At the turn of the century a few thousand people owned cars; in 1922 about 10 million did, and that number more than doubled in the next few years. Sharing their need for decent roads were fast-growing fleets of trucks and buses. And the federal government was thinking big. Congress had just authorized funds to help states create a 200,000-mile web of smooth-surfaced roads that would connect with every county seat in the nation.
It was just a beginning. Ahead lay engineering feats beyond anything Durant could have foreseen: the construction of conduits that can safely handle thousands of cars an hour and endure years of punishment by 18-wheel trucks, expressways and beltways to speed traffic in and around cities, swirling multilevel interchanges, arterial tunnels and mighty suspension bridges. Ahead, as well, lay a host of social and economic changes wrought by roads—among them, spreading suburbs, the birth of shopping malls and fast-food chains, widened horizons for vacationers, a revolution in manufacturing practices, and a general attuning of the rhythms of daily life, from errands to entertainment to the personal mobility offered by the car. Expansion of the network would also bring such indisputable negatives as traffic congestion and air pollution, but the knitting together of the country with highways has barely paused since the first automobiles rolled forth from workshops about a century ago.
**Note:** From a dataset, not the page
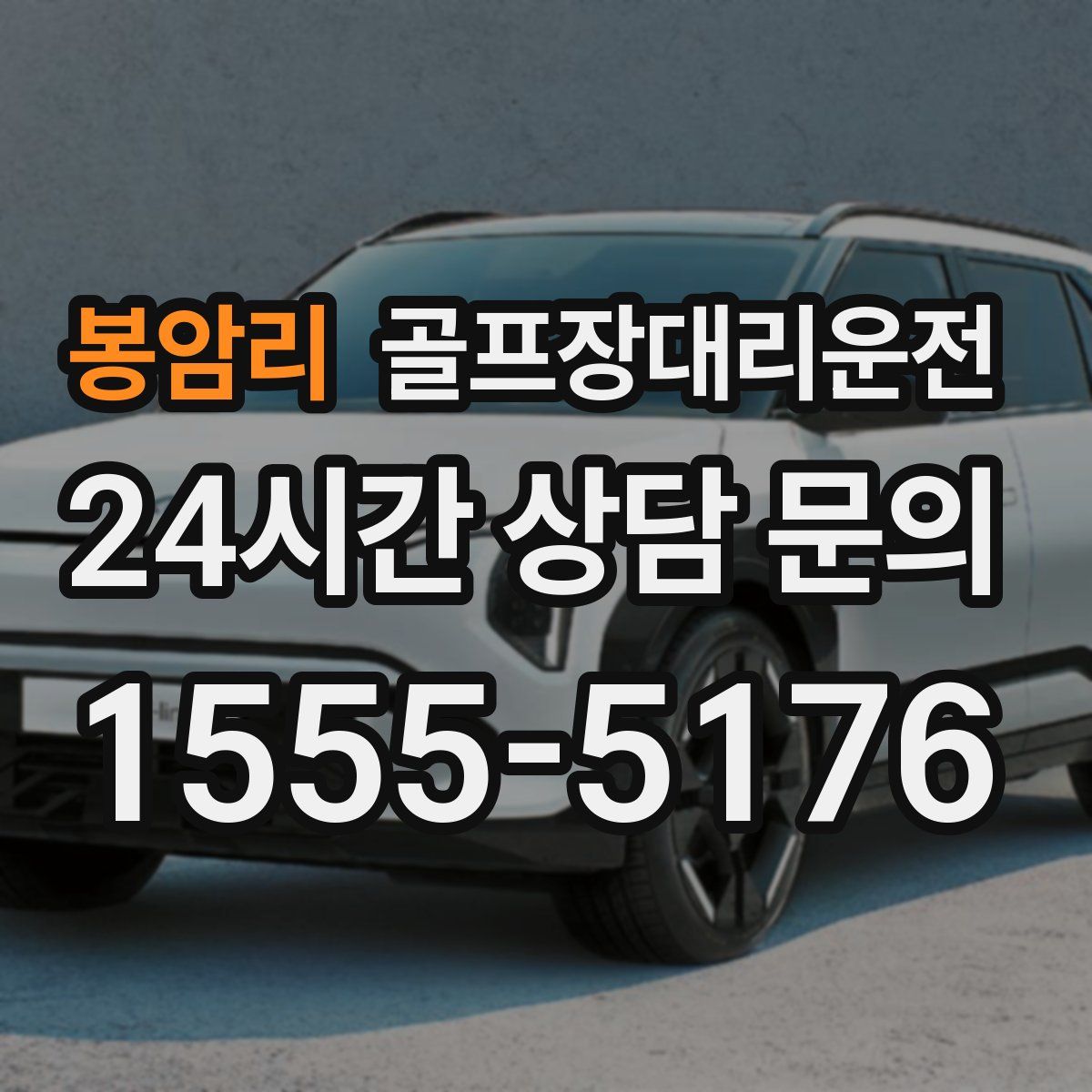 골프장대리운전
Rails ruled the transportation scene then. Like other developed nations, the United States had an intricate system of railroad tracks reaching to almost every sizable community in the land. Virtually all long-distance travel was by train, and electric trolleys running on rails served as the main people movers in cities. The United States also had more than 2 million miles of roads, but practically all were unsurfaced or only lightly layered with broken stone. A "highway census" performed by the federal government in 1904 found a grand total of 141 miles of paved roads outside cities. In rainy weather, travel in the countryside became nightmarish, and even in good conditions, hauling loads over the rough roads was a laborious business; it was cheaper to ship fruit by rail from California to an urban market in the East than to deliver it by wagon from a farm 15 miles away. As for anyone contemplating a lengthy drive in one of the new horseless carriages, an ordeal was in store. The first crossing of the continent by car in 1903 required 44 days of hard driving. By train the trip took just 4 days.